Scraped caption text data
────
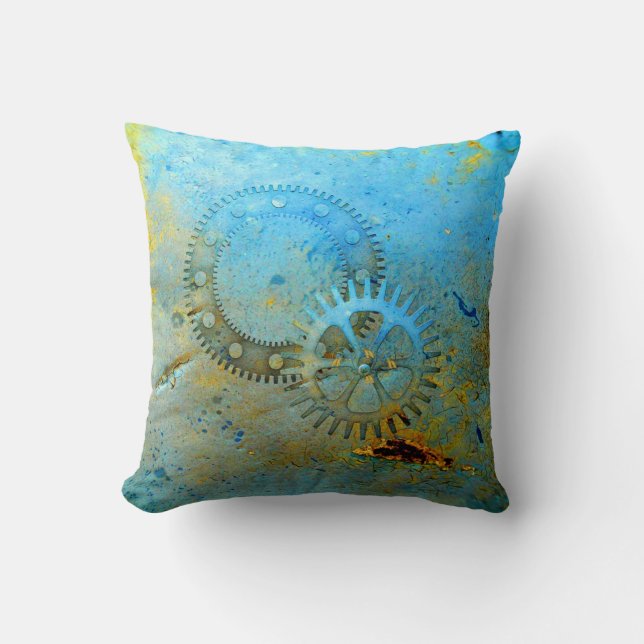 Coussin Aqua Gears Steampunk (Recto)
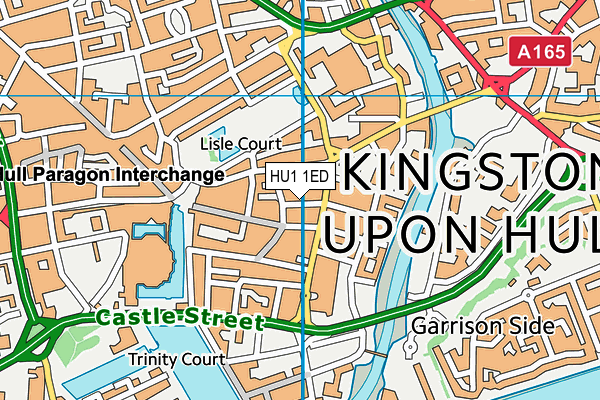 HU1 1ED map - OS VectorMap District (Ordnance Survey)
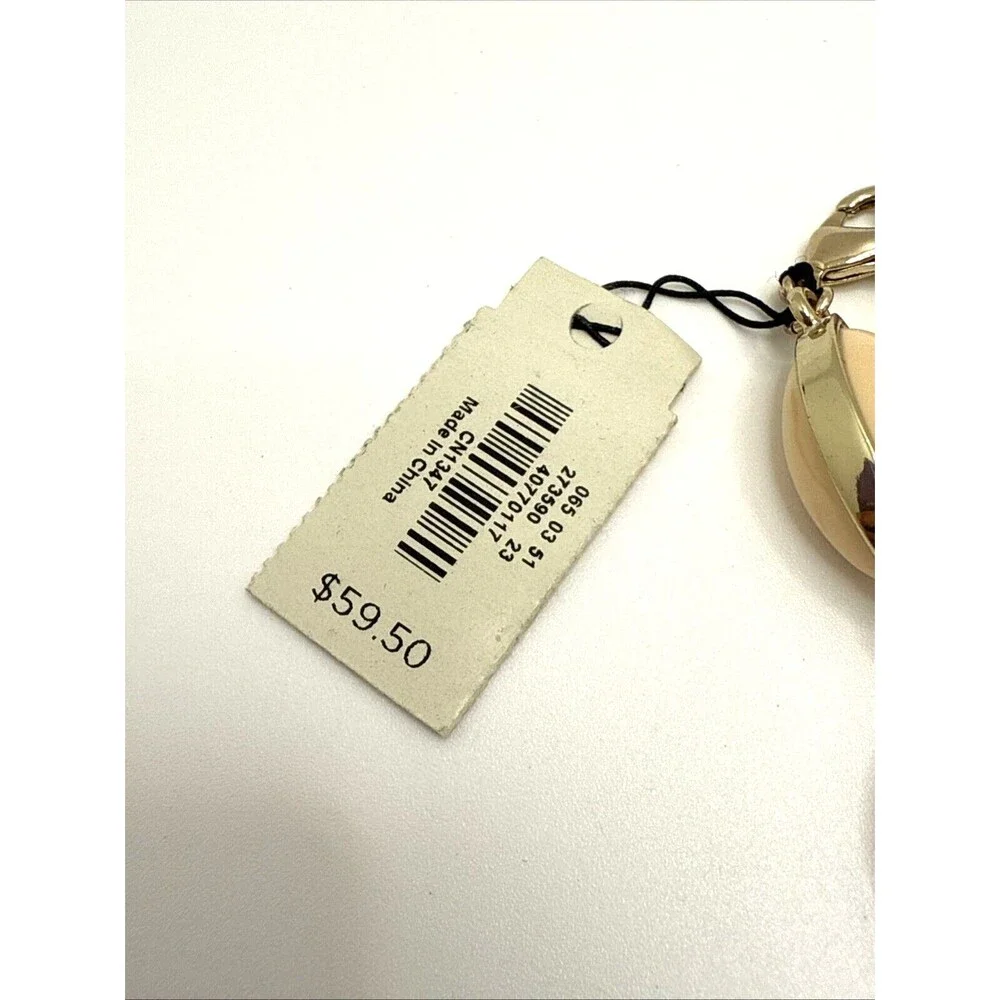 NWT TALBOTS Statement Necklace Peach Orange Tan Gold Tone Links 36-38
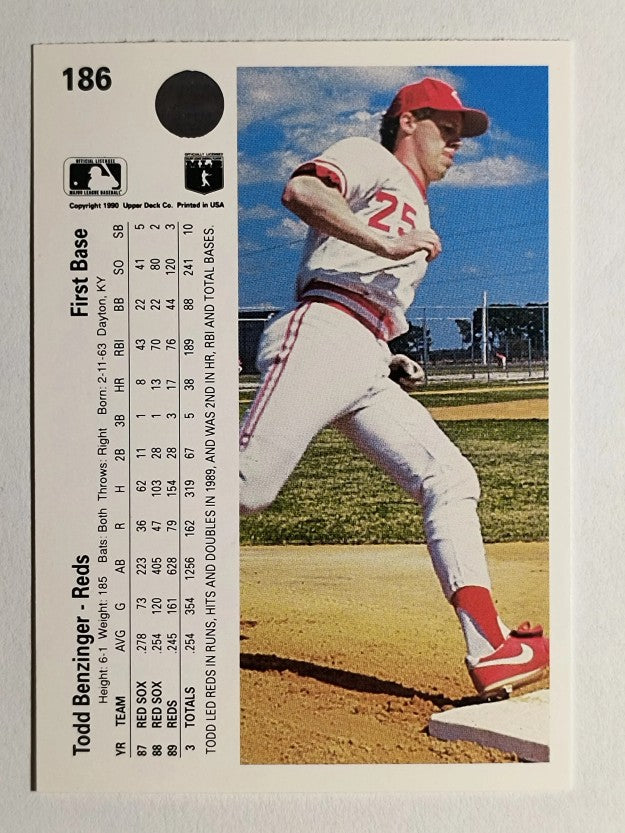 1990 Upper Deck #186 Todd Benzinger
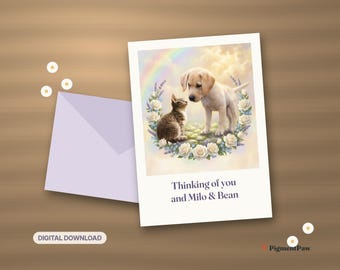 Pet Sympathy Card from Photo, Printable Dog & Cat Memorial Card (Digital Download)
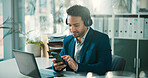 Headphones, smile or man in office with phone, sound track streaming or listening to music at work. Flare, playlist or employee in agency with laptop, podcast or radio subscription on audio app.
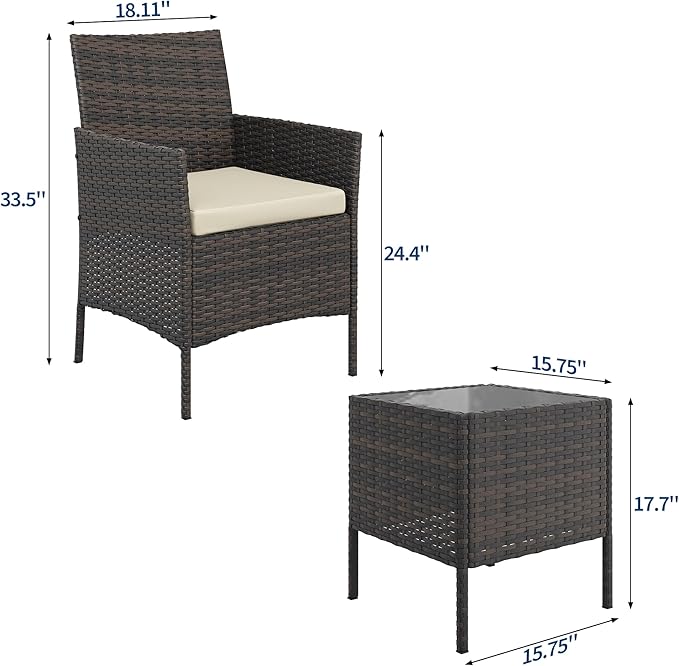 GAOMON 3-Piece Patio Furniture Set, Modern PE Rattan Conversation Set with 2 Chairs & Tempered Glass Coffee Table, All-Weather Outdoor Seating for Garden, Porch, Balcony, Poolside, Brown/Cream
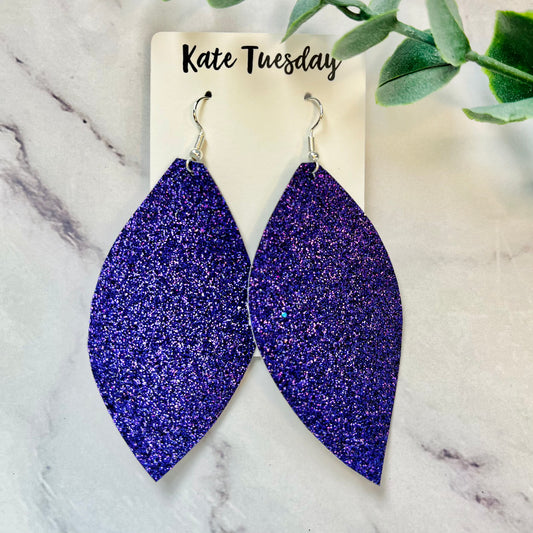 Purple Sparkle Leather Hanging Earrings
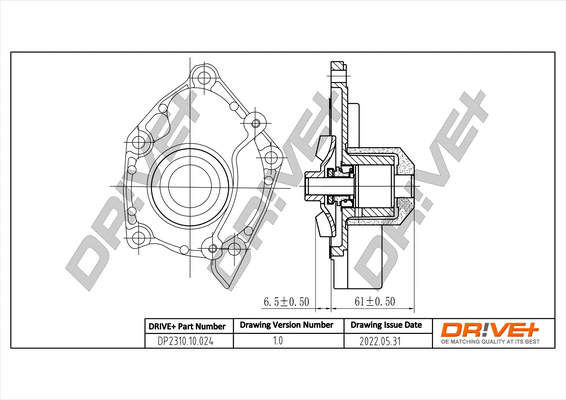 Pompe à eau, refroidissement du moteur Dr!ve+ DP2310.10.024
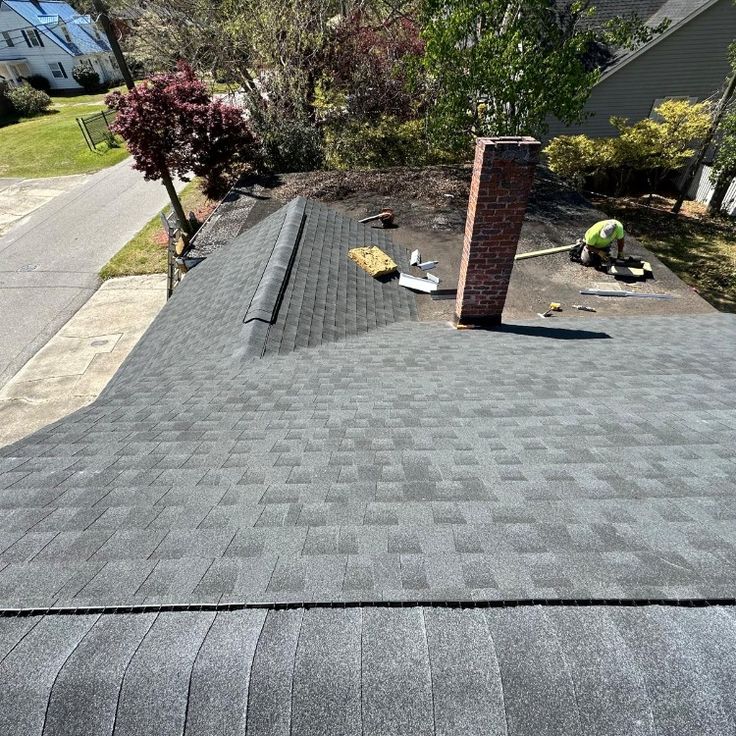 Detail of new shingle roof in New Hampshire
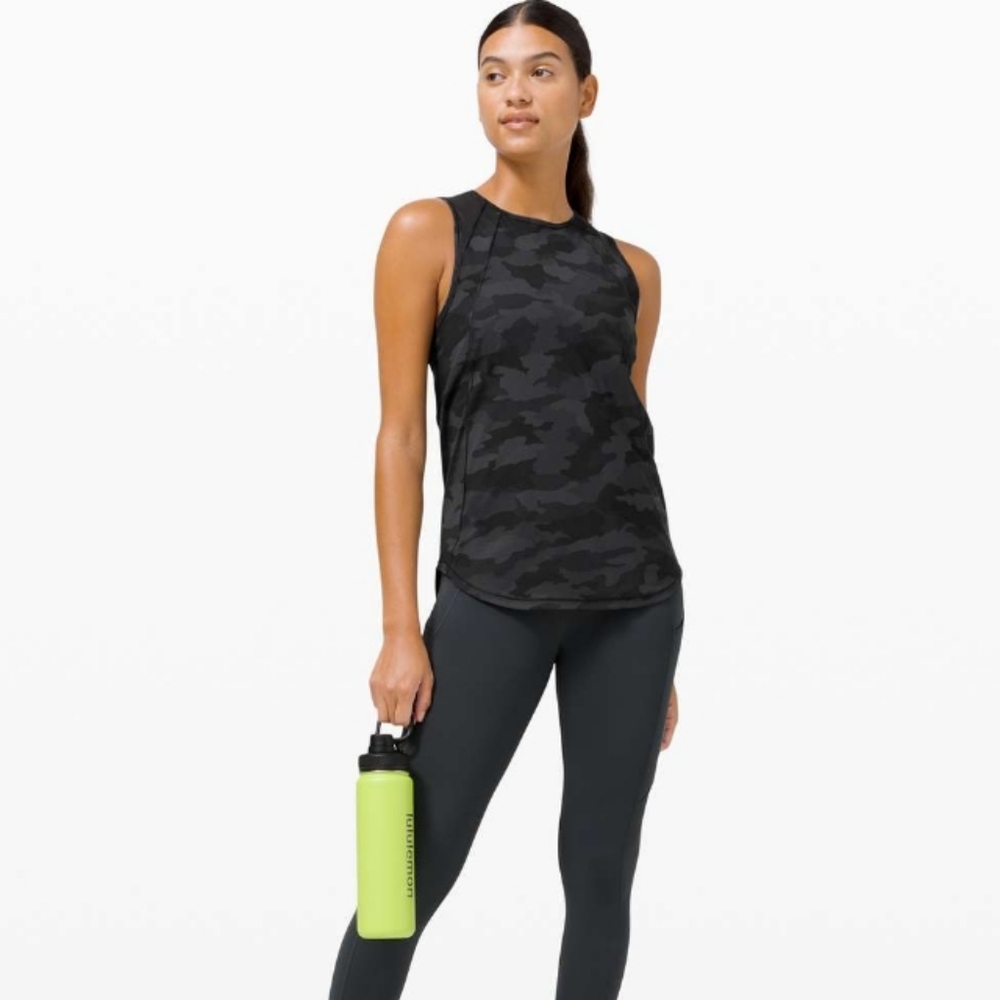 lululemon athletica Black Camo High-Neck Tank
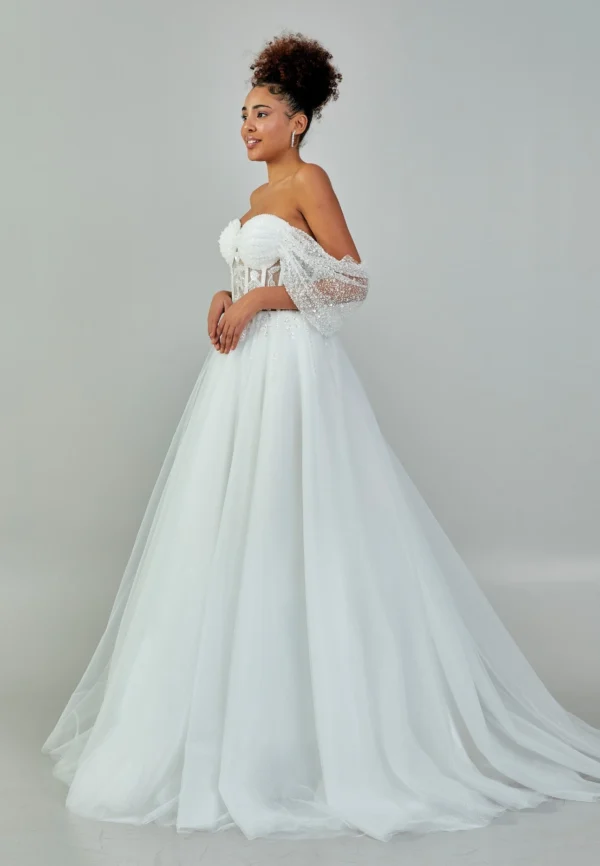 Amaya – Ethereal Off-Shoulder Tulle Wedding Dress with Beaded Sleeves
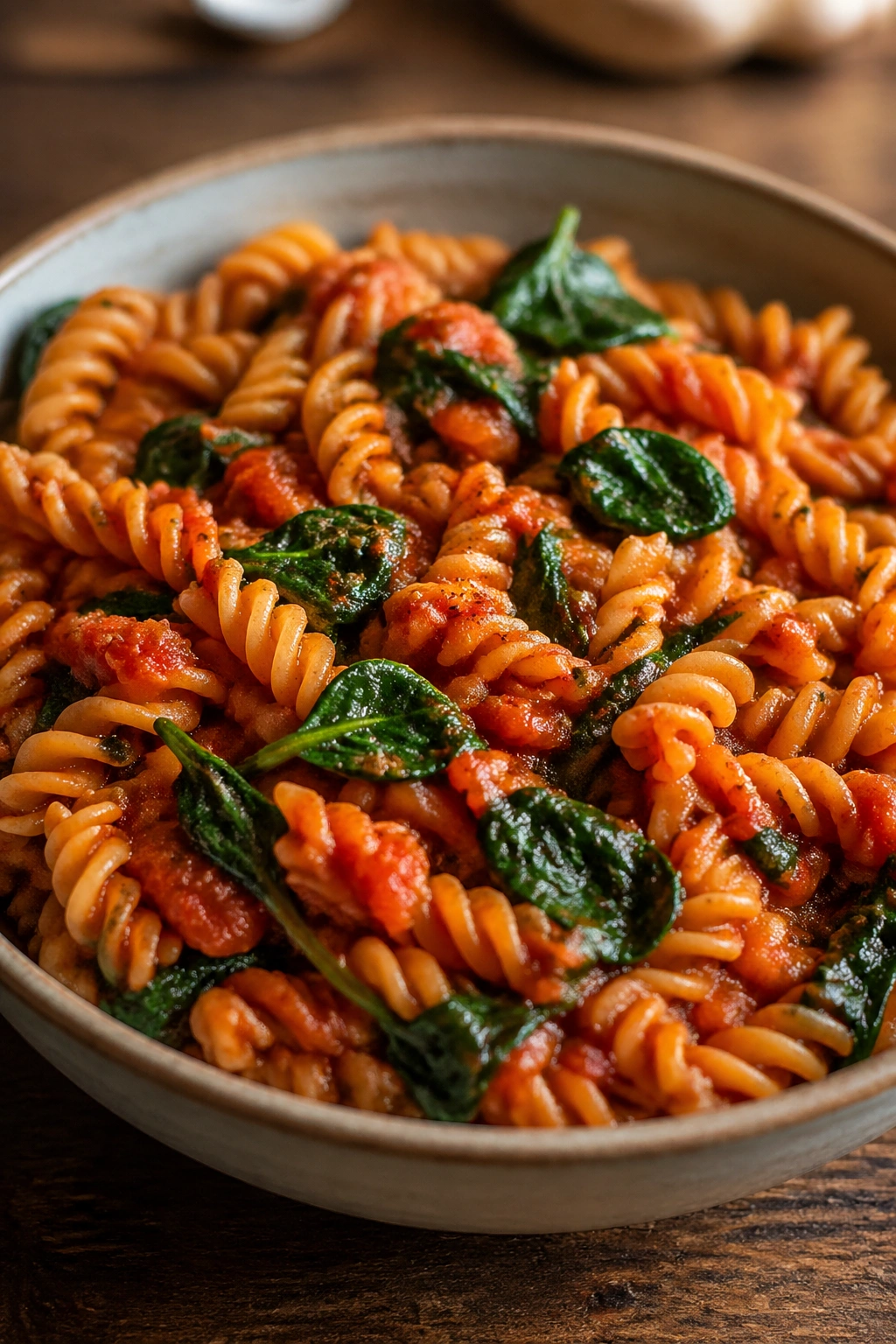 Close-up of lentil pasta with tomato sauce and spinach in a bowl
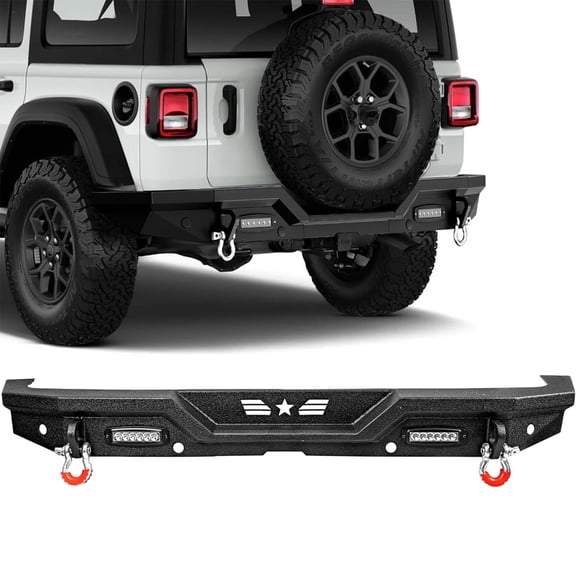 Rear Bumper for 2007-2018 Jeep Wrangler JK Unlimited w/ LED Lights Rock Crawler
────
Exercise goal -> Give back exactly the lines from the one containing "Headphones, smile or" through the last line above, both included, and none of the pictures.

Solution to the problem ->
 Headphones, smile or man in office with phone, sound track streaming or listening to music at work. Flare, playlist or employee in agency with laptop, podcast or radio subscription on audio app.
 GAOMON 3-Piece Patio Furniture Set, Modern PE Rattan Conversation Set with 2 Chairs & Tempered Glass Coffee Table, All-Weather Outdoor Seating for Garden, Porch, Balcony, Poolside, Brown/Cream
 Purple Sparkle Leather Hanging Earrings
 Pompe à eau, refroidissement du moteur Dr!ve+ DP2310.10.024
 Detail of new shingle roof in New Hampshire
 lululemon athletica Black Camo High-Neck Tank
 Amaya – Ethereal Off-Shoulder Tulle Wedding Dress with Beaded Sleeves
 Close-up of lentil pasta with tomato sauce and spinach in a bowl
 Rear Bumper for 2007-2018 Jeep Wrangler JK Unlimited w/ LED Lights Rock Crawler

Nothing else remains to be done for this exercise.